• Exercise
Your answer should be the exact lines of the data below from the one containing "Δημήτρης Κουφοντίνας –" through the one containing "Red Line Pro-Series"; please include nothing else.

• Dataset excerpts
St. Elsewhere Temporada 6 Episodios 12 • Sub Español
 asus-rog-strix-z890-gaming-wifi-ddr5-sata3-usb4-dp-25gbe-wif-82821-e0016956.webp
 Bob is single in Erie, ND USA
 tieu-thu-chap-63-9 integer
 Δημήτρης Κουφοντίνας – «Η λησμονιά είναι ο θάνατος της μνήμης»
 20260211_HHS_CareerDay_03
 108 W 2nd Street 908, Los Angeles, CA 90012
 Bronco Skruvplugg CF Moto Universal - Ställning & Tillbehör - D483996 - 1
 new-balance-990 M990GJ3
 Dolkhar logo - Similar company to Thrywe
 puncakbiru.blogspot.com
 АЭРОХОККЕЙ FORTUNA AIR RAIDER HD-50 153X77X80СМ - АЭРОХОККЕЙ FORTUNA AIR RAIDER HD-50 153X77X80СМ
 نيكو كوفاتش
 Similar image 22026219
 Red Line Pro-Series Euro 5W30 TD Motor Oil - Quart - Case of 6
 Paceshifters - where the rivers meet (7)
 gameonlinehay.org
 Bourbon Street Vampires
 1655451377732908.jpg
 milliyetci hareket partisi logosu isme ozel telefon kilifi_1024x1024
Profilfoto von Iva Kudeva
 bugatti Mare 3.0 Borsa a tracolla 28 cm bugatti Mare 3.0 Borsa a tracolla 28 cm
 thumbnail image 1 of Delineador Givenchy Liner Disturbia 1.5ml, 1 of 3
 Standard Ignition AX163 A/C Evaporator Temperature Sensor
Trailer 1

• Written answer
 Δημήτρης Κουφοντίνας – «Η λησμονιά είναι ο θάνατος της μνήμης»
 20260211_HHS_CareerDay_03
 108 W 2nd Street 908, Los Angeles, CA 90012
 Bronco Skruvplugg CF Moto Universal - Ställning & Tillbehör - D483996 - 1
 new-balance-990 M990GJ3
 Dolkhar logo - Similar company to Thrywe
 puncakbiru.blogspot.com
 АЭРОХОККЕЙ FORTUNA AIR RAIDER HD-50 153X77X80СМ - АЭРОХОККЕЙ FORTUNA AIR RAIDER HD-50 153X77X80СМ
 نيكو كوفاتش
 Similar image 22026219
 Red Line Pro-Series Euro 5W30 TD Motor Oil - Quart - Case of 6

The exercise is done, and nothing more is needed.